This homework assignment is intended as an opportunity to practice working with n-grams, computing word-pair correlations, and visualizing co-occurrences via a graph structure.

In order to complete this assignment you’ll need to load the following libraries into an R Markdown document or an R Script: tidyverse, tidytext, widyr, igraph, ggraph.


This week let’s work with text from presidential speeches, which you can find available here. I’ve chosen several speeches given by Donald Trump between January and February 2020, including the following:

You can feel free to explore others. When you click on the data source from the main page, make sure you collect the link to the raw text file (you can get there using the icon/button on the right of the page which looks like a document with the symbols >_ on it).

  1. Open a new R script or R Markdown file (your choice), and load the following libraries: tidyverse, tidytext, widyr, igraph, and ggraph.

  2. We’ll read in the data from the Trump speeches:

    soleimani <- read_delim("https://code.librehq.com/kfogel/presidential-speeches/-/raw/main/data/2020-01-03-remarks-killing-qasem-soleimani.txt", 
                            delim = "\n", 
                            col_names = "text", 
                            skip = 1)
    marchLife <- read_delim("https://code.librehq.com/kfogel/presidential-speeches/-/raw/main/data/2020-01-24-speech-march-life.txt", 
                            delim = "\n", 
                            col_names = "text", 
                            skip = 1)
    SoU_20 <- read_delim("https://code.librehq.com/kfogel/presidential-speeches/-/raw/main/data/2020-02-04-state-union-address.txt", 
                         delim = "\n", 
                         col_names = "text", 
                         skip = 1)
    acquittal <- read_delim("https://code.librehq.com/kfogel/presidential-speeches/-/raw/main/data/2020-02-06-remarks-after-his-acquittal.txt", 
                            delim = "\n", 
                            col_names = "text", 
                            skip = 1)

    Note that the delim = "\n" argument says that delimeters here are “newlines”, col_names = "text" says that we want our sole column to be called text, and skip = 1 denotes that we would like to skip the first line, which reads “President: Donald Trump” in all cases.

  3. Let’s add some information to each of our speech data frames. For each speech, we will add the context in which the speech was presented and line numbers. I’ll do this for the soleimani speech and you’ll mimic the code to do the same for the other three speeches (or the speeches you’ve decided to work with).

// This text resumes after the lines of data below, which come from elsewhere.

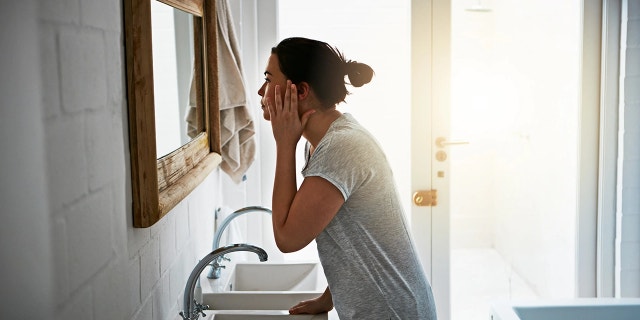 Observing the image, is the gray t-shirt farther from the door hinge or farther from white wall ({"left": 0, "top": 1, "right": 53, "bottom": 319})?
the door hinge

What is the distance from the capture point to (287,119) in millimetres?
1481

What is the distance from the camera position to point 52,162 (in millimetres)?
790

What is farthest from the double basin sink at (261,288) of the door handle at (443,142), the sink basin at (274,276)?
the door handle at (443,142)

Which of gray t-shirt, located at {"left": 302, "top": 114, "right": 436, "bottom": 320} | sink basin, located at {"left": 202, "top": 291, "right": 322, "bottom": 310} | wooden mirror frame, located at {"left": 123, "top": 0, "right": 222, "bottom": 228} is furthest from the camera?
sink basin, located at {"left": 202, "top": 291, "right": 322, "bottom": 310}

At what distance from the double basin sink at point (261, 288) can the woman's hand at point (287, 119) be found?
0.43 meters

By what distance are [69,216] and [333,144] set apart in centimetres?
64

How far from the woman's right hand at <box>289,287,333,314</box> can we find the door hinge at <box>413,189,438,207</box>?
1303mm

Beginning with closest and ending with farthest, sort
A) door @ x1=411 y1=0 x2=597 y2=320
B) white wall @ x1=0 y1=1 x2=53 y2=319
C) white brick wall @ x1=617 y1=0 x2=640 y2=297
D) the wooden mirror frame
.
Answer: white wall @ x1=0 y1=1 x2=53 y2=319
the wooden mirror frame
white brick wall @ x1=617 y1=0 x2=640 y2=297
door @ x1=411 y1=0 x2=597 y2=320

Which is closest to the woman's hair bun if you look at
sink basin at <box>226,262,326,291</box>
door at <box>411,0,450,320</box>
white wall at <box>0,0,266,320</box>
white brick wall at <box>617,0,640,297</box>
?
white wall at <box>0,0,266,320</box>

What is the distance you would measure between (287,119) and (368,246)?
33cm

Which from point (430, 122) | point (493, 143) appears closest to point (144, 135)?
point (430, 122)

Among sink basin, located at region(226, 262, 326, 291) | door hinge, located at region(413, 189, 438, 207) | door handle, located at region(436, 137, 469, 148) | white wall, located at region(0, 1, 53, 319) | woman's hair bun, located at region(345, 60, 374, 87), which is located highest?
woman's hair bun, located at region(345, 60, 374, 87)

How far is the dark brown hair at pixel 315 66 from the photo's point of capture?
1508mm

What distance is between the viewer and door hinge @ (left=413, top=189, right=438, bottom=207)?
2877 mm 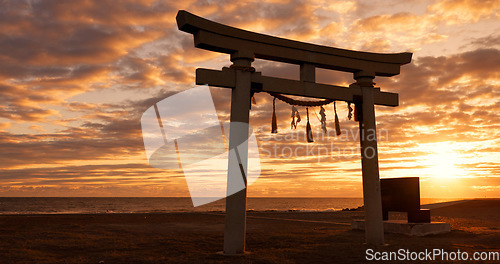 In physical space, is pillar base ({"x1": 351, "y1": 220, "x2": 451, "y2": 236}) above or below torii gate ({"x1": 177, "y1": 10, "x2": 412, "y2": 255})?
below

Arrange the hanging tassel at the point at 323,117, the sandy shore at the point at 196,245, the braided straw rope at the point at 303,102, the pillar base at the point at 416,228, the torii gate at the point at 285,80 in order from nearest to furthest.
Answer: the sandy shore at the point at 196,245, the torii gate at the point at 285,80, the braided straw rope at the point at 303,102, the hanging tassel at the point at 323,117, the pillar base at the point at 416,228

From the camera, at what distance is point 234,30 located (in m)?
9.96

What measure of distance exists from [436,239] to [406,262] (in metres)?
4.76

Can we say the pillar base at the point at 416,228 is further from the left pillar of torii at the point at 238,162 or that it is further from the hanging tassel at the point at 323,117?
the left pillar of torii at the point at 238,162

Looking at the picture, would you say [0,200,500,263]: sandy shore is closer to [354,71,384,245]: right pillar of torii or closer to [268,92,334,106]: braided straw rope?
[354,71,384,245]: right pillar of torii

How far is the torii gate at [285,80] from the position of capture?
9562 millimetres

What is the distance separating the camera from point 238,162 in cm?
966

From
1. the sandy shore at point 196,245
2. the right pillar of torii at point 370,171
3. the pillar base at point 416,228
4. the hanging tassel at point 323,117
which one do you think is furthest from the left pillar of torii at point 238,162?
the pillar base at point 416,228

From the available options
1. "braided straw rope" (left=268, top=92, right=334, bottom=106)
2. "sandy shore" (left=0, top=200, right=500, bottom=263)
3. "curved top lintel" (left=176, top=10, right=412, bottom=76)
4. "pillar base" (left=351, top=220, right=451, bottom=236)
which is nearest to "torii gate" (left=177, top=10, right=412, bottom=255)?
"curved top lintel" (left=176, top=10, right=412, bottom=76)

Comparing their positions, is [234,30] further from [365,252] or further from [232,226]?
[365,252]

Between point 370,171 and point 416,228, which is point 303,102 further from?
point 416,228

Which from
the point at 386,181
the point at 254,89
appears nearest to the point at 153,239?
the point at 254,89

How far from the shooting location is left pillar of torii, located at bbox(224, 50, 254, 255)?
9.55 m

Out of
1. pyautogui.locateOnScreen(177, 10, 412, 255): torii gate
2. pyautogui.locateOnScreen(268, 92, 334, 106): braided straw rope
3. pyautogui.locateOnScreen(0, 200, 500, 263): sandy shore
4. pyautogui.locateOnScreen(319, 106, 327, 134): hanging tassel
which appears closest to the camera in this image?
pyautogui.locateOnScreen(0, 200, 500, 263): sandy shore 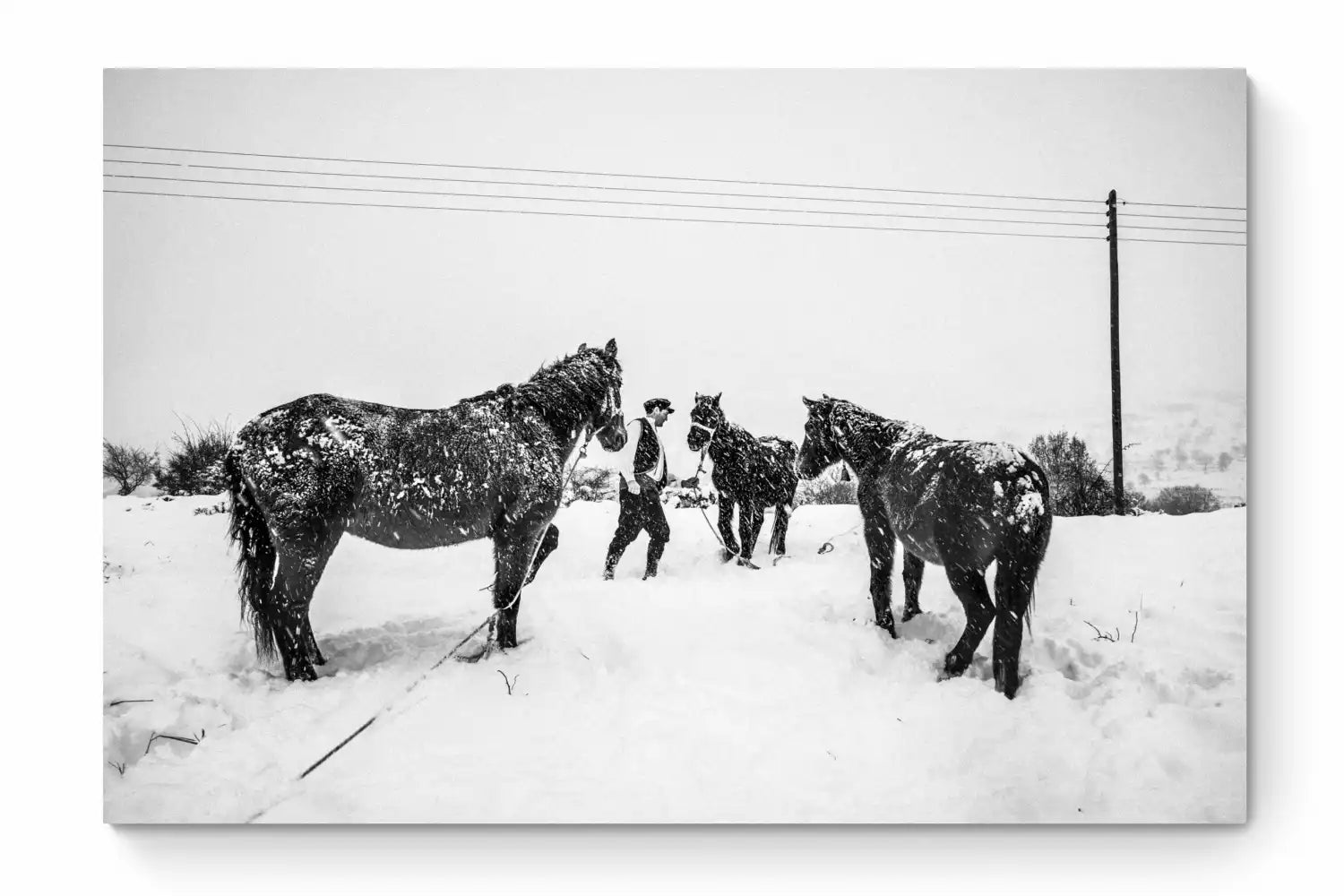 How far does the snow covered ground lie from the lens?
110 inches

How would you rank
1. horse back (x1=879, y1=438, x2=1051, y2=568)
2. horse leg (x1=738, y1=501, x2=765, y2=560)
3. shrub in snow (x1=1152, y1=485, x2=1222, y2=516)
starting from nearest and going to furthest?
horse back (x1=879, y1=438, x2=1051, y2=568)
shrub in snow (x1=1152, y1=485, x2=1222, y2=516)
horse leg (x1=738, y1=501, x2=765, y2=560)

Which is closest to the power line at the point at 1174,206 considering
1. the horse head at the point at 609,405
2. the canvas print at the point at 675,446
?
the canvas print at the point at 675,446

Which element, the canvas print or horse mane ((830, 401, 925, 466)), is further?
horse mane ((830, 401, 925, 466))

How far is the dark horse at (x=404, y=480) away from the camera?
9.17ft

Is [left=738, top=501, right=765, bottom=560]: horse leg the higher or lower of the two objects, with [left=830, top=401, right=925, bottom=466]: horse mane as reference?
lower

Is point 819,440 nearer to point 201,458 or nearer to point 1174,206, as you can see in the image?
point 1174,206

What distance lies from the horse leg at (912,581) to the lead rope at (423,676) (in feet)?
3.55

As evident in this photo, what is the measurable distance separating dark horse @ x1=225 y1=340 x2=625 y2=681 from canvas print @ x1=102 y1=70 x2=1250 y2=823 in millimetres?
12

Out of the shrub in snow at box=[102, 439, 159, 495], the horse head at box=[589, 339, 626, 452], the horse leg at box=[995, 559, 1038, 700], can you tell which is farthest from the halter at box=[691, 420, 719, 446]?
the shrub in snow at box=[102, 439, 159, 495]

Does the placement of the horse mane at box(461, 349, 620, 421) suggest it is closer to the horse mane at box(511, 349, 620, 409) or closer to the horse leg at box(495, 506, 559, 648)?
A: the horse mane at box(511, 349, 620, 409)

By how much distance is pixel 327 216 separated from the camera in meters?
2.94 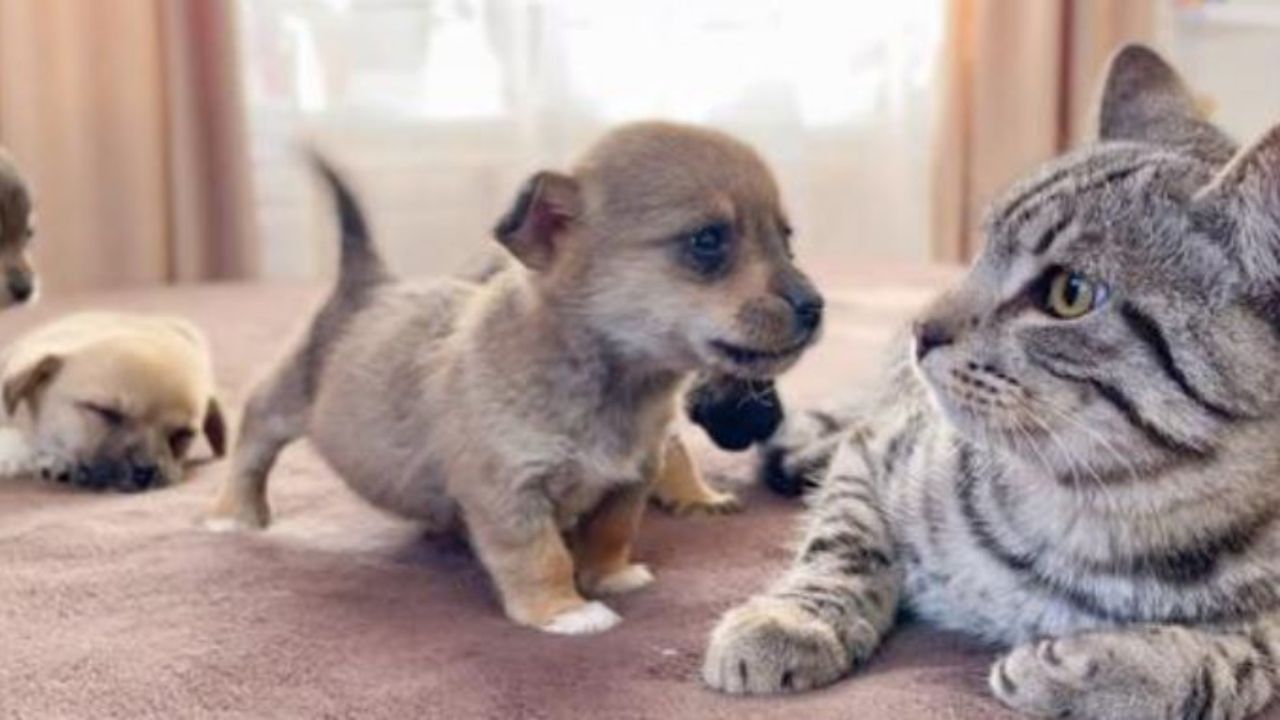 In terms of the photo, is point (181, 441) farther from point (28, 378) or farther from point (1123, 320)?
point (1123, 320)

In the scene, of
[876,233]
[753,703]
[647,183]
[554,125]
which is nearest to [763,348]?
[647,183]

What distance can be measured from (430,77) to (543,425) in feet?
6.95

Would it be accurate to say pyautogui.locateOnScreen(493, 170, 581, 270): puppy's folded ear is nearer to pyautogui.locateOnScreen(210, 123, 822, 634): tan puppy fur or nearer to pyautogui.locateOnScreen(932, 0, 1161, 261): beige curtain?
pyautogui.locateOnScreen(210, 123, 822, 634): tan puppy fur

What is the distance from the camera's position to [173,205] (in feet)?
10.4

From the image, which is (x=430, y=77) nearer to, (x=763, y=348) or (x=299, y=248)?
(x=299, y=248)

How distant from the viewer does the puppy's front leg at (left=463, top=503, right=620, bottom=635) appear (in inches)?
50.6

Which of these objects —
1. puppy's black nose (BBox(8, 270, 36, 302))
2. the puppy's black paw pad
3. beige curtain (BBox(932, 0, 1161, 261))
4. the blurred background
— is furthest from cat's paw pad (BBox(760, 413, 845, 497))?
beige curtain (BBox(932, 0, 1161, 261))

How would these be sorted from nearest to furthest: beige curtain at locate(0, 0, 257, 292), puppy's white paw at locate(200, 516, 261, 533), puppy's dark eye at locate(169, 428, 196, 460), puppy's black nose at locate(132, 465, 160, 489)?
puppy's white paw at locate(200, 516, 261, 533) → puppy's black nose at locate(132, 465, 160, 489) → puppy's dark eye at locate(169, 428, 196, 460) → beige curtain at locate(0, 0, 257, 292)

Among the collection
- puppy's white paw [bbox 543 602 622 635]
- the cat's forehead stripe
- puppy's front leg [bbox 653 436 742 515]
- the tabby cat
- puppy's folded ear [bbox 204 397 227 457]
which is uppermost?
the cat's forehead stripe

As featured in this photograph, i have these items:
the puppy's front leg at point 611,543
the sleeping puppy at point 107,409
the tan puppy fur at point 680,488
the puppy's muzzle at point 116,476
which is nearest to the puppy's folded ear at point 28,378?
the sleeping puppy at point 107,409

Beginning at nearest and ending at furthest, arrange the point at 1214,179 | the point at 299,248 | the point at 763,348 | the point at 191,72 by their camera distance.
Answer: the point at 1214,179, the point at 763,348, the point at 191,72, the point at 299,248

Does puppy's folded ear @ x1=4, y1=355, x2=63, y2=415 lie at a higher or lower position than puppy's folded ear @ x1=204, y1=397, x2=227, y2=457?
higher

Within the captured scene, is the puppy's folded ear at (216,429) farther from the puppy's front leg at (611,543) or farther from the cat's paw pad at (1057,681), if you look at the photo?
the cat's paw pad at (1057,681)

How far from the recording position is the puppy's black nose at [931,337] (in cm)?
114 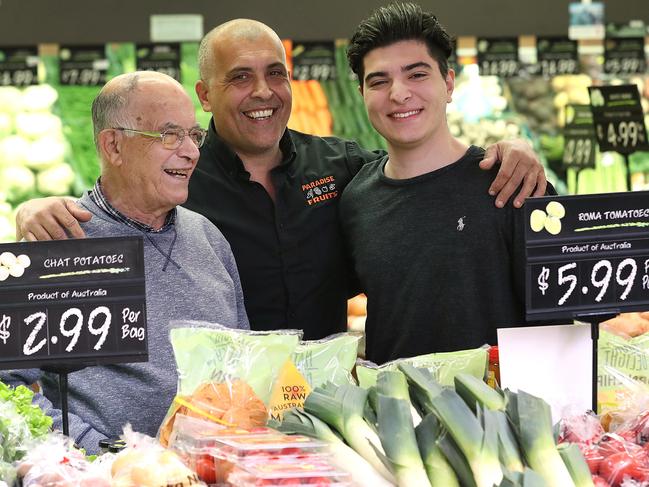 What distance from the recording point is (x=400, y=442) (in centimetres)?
178

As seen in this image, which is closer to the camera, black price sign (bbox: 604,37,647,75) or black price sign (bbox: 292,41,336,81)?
black price sign (bbox: 292,41,336,81)

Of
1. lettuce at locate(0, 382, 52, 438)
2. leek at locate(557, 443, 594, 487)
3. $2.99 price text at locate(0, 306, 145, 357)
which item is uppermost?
$2.99 price text at locate(0, 306, 145, 357)

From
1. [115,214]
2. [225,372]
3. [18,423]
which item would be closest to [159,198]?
[115,214]

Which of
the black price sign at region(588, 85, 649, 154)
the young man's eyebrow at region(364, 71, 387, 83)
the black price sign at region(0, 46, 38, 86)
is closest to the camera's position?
the young man's eyebrow at region(364, 71, 387, 83)

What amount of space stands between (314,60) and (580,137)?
153cm

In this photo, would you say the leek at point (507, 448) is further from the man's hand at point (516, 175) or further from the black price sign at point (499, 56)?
the black price sign at point (499, 56)

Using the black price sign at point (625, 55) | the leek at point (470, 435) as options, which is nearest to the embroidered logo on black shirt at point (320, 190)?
the leek at point (470, 435)

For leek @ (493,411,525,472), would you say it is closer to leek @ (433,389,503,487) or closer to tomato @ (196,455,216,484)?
leek @ (433,389,503,487)

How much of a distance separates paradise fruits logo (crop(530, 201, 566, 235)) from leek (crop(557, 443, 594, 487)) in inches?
23.3

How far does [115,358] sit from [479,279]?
1.16 meters

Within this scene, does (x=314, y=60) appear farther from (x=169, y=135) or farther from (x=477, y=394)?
(x=477, y=394)

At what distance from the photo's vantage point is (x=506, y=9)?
546cm

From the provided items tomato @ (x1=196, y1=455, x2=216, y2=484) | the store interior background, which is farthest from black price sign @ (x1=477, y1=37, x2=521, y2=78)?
tomato @ (x1=196, y1=455, x2=216, y2=484)

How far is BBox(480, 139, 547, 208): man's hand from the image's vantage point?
2811 millimetres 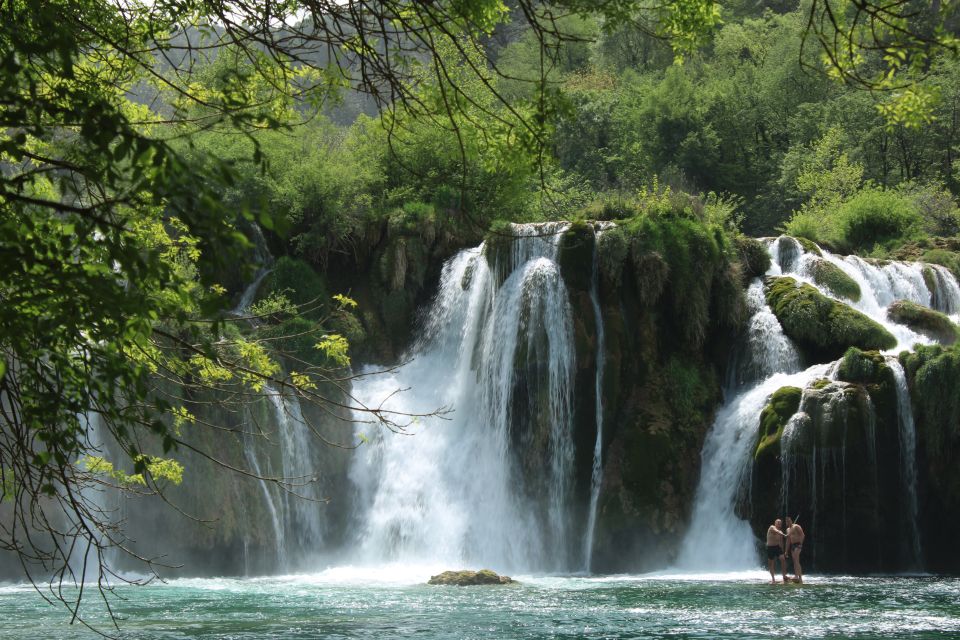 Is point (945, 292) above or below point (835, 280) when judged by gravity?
below

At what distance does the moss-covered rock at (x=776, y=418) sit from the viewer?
19062 mm

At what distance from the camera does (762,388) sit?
20.9 m

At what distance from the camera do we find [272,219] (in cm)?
354

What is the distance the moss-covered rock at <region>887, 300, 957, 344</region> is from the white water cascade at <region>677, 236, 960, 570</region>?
0.19m

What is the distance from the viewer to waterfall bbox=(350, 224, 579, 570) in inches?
814

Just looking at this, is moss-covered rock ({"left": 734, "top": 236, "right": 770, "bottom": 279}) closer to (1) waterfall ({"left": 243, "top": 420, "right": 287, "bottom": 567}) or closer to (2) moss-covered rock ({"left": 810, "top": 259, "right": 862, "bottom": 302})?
(2) moss-covered rock ({"left": 810, "top": 259, "right": 862, "bottom": 302})

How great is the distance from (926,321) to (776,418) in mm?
5039

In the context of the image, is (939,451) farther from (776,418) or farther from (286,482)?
(286,482)

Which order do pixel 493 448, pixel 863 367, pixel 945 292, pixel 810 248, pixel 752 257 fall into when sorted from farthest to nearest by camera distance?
pixel 810 248
pixel 752 257
pixel 945 292
pixel 493 448
pixel 863 367

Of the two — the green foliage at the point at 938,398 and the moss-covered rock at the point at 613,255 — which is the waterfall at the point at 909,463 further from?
the moss-covered rock at the point at 613,255

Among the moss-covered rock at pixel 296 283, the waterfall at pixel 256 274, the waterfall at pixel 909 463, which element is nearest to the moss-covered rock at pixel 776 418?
the waterfall at pixel 909 463

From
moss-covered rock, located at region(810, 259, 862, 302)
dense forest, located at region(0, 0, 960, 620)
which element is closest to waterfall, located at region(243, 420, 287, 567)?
dense forest, located at region(0, 0, 960, 620)

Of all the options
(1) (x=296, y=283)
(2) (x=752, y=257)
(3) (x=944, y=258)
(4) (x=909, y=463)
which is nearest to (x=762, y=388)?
(4) (x=909, y=463)

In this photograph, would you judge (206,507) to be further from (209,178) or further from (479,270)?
(209,178) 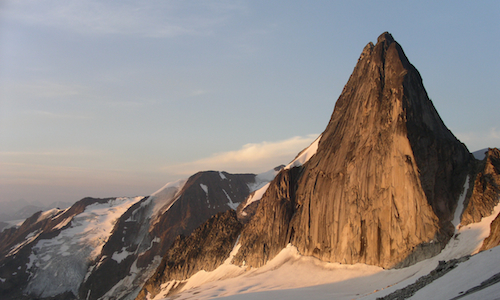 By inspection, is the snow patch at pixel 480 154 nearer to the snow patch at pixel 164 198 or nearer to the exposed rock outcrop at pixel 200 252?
the exposed rock outcrop at pixel 200 252

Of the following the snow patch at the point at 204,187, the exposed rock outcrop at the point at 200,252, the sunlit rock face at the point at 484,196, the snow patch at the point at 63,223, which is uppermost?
the snow patch at the point at 204,187

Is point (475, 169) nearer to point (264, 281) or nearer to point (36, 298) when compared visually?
point (264, 281)

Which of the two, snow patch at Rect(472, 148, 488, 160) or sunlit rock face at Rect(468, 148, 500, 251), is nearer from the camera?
sunlit rock face at Rect(468, 148, 500, 251)

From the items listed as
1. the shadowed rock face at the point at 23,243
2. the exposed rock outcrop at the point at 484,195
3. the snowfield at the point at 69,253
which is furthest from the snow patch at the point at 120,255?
the exposed rock outcrop at the point at 484,195

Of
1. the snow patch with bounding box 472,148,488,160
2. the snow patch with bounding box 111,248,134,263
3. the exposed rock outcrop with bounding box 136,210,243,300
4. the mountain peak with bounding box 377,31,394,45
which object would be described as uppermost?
the mountain peak with bounding box 377,31,394,45

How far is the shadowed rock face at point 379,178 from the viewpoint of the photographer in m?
51.7

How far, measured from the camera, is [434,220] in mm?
49844

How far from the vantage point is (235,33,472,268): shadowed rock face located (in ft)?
169

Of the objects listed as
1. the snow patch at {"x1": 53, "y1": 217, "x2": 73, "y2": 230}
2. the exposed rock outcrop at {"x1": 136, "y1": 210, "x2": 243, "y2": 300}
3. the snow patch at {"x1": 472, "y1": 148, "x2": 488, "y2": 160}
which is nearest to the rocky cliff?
the snow patch at {"x1": 53, "y1": 217, "x2": 73, "y2": 230}

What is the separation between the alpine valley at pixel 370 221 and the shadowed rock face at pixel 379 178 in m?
0.18

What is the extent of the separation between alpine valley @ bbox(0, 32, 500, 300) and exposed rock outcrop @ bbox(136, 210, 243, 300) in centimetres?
32

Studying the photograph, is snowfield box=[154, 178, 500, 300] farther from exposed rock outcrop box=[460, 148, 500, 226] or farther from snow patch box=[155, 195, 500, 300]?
exposed rock outcrop box=[460, 148, 500, 226]

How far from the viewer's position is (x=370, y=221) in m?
56.3

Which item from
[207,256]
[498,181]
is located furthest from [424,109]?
[207,256] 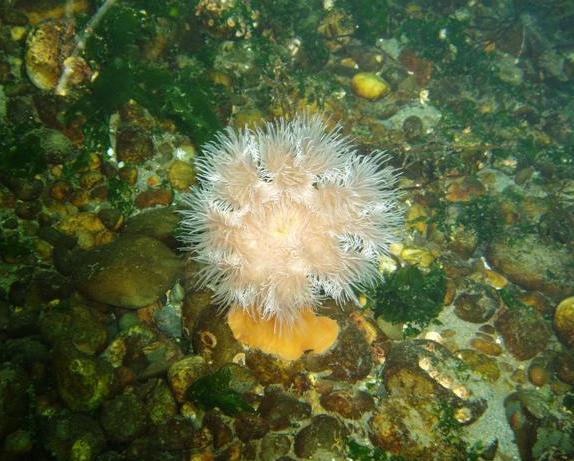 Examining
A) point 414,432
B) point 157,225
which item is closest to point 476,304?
point 414,432

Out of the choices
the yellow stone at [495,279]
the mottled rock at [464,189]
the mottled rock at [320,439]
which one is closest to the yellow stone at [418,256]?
the yellow stone at [495,279]

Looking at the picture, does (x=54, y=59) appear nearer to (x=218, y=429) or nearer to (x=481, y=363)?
(x=218, y=429)

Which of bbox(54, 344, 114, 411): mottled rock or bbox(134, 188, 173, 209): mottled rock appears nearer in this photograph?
bbox(54, 344, 114, 411): mottled rock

    soleimani <- soleimani %>%
      mutate(speech = "Soleimani",
             linenumber = row_number())
    
    marchLife <- marchLife %>%
      mutate(speech = "March for Life",
             linenumber = row_number())
    
    SoU_20 <- SoU_20 %>%
      mutate(speech = "State of the Union 2020",
             linenumber = row_number())
    
    acquittal <- acquittal %>%
      mutate(speech = "First Impeachment Acquittal",
             linenumber = row_number())
  4. Let’s now stack the separate data frames into a single data frame. We can do this because we’ve added the speech column, so that we are still able to track which lines are from which speeches. You can use the bind_rows() function and pass the four individual speech data frames as arguments to it. Store your result in a new data frame called speeches.

    speeches <- bind_rows(acquittal, marchLife, soleimani, SoU_20)
  5. Now that we have a data frame containing the text from all four speeches, let’s tokenize into bigrams within each speech and then filter out any stopwords we encounter.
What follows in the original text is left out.